WHAT TO WORK ON> After locating the line with "Matching black double-stitching" in the data that follows, return it and every later line exactly, up to and including the line with "Truck Bed Storage".

GIVEN RECORDS>
************

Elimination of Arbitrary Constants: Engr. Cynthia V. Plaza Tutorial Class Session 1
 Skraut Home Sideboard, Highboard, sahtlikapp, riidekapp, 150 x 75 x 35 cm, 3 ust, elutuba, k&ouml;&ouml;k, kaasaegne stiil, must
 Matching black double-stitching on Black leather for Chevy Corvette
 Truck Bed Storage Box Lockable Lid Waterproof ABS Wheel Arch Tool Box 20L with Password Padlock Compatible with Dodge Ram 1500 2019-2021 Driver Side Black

************

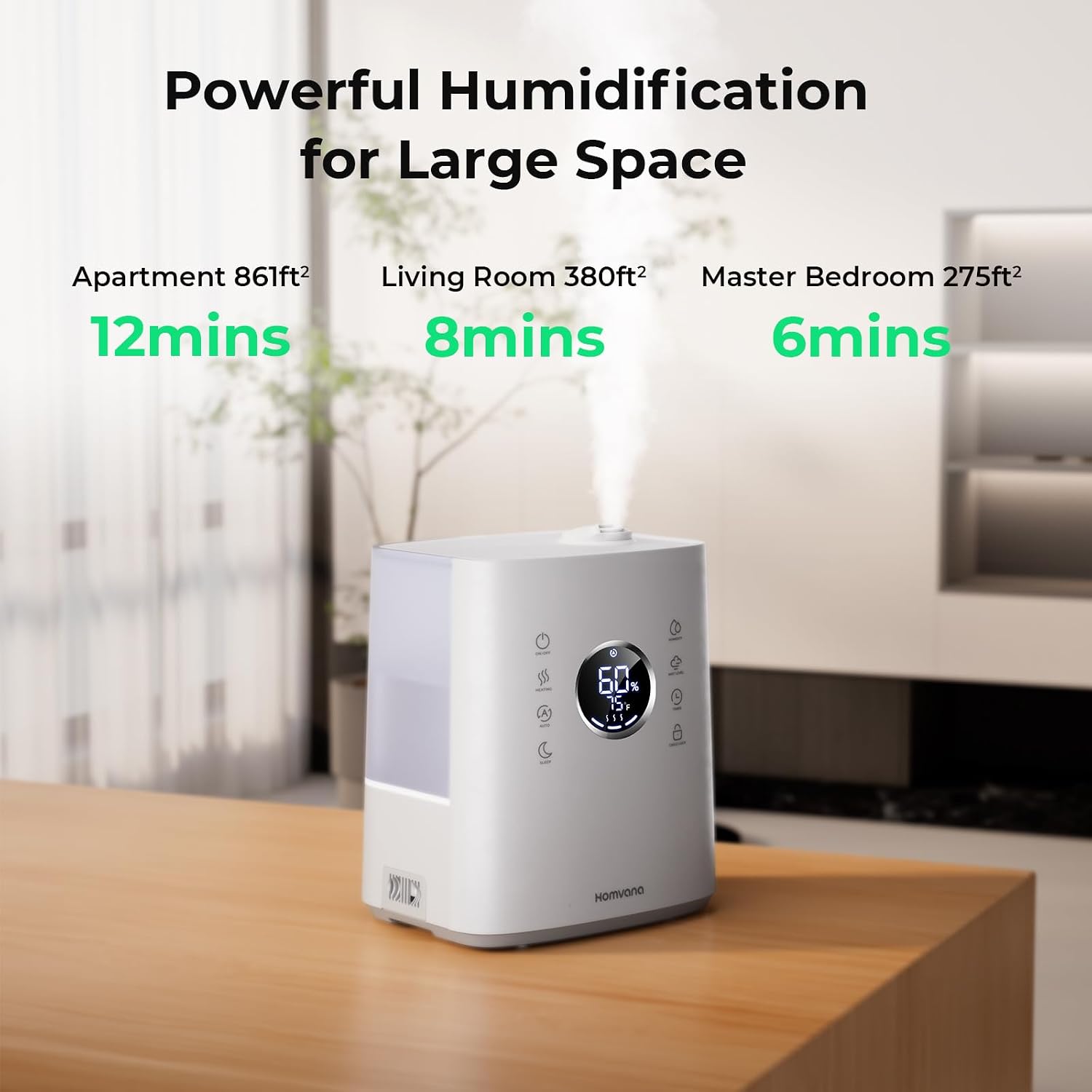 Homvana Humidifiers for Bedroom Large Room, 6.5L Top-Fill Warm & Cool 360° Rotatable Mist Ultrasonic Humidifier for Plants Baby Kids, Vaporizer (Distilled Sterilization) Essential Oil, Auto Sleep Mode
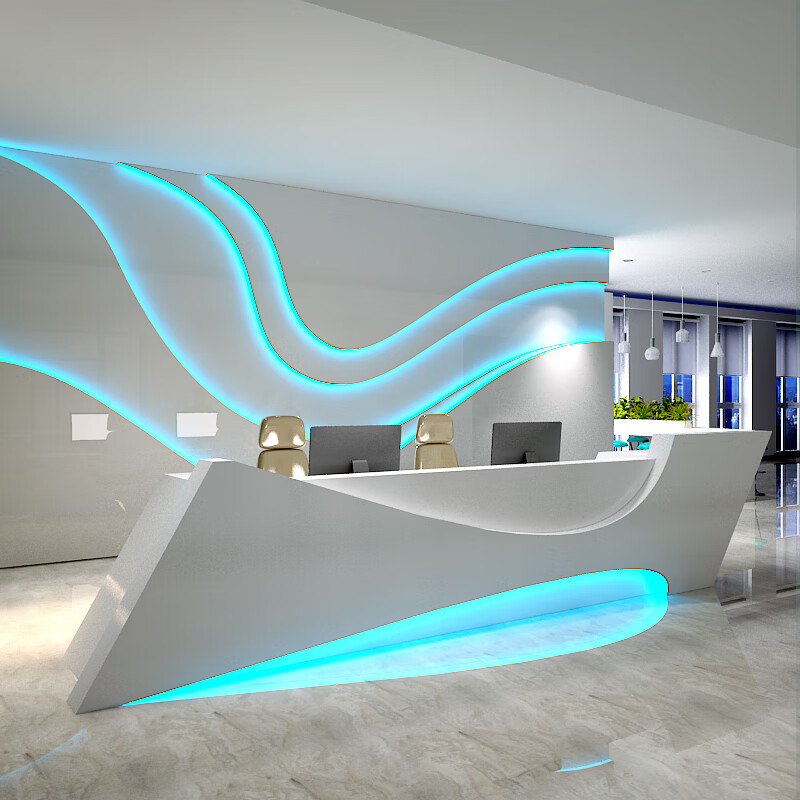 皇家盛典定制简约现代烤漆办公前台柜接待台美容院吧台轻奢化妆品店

************

ANSWER TO THE EXERCISE>
 Matching black double-stitching on Black leather for Chevy Corvette
 Truck Bed Storage Box Lockable Lid Waterproof ABS Wheel Arch Tool Box 20L with Password Padlock Compatible with Dodge Ram 1500 2019-2021 Driver Side Black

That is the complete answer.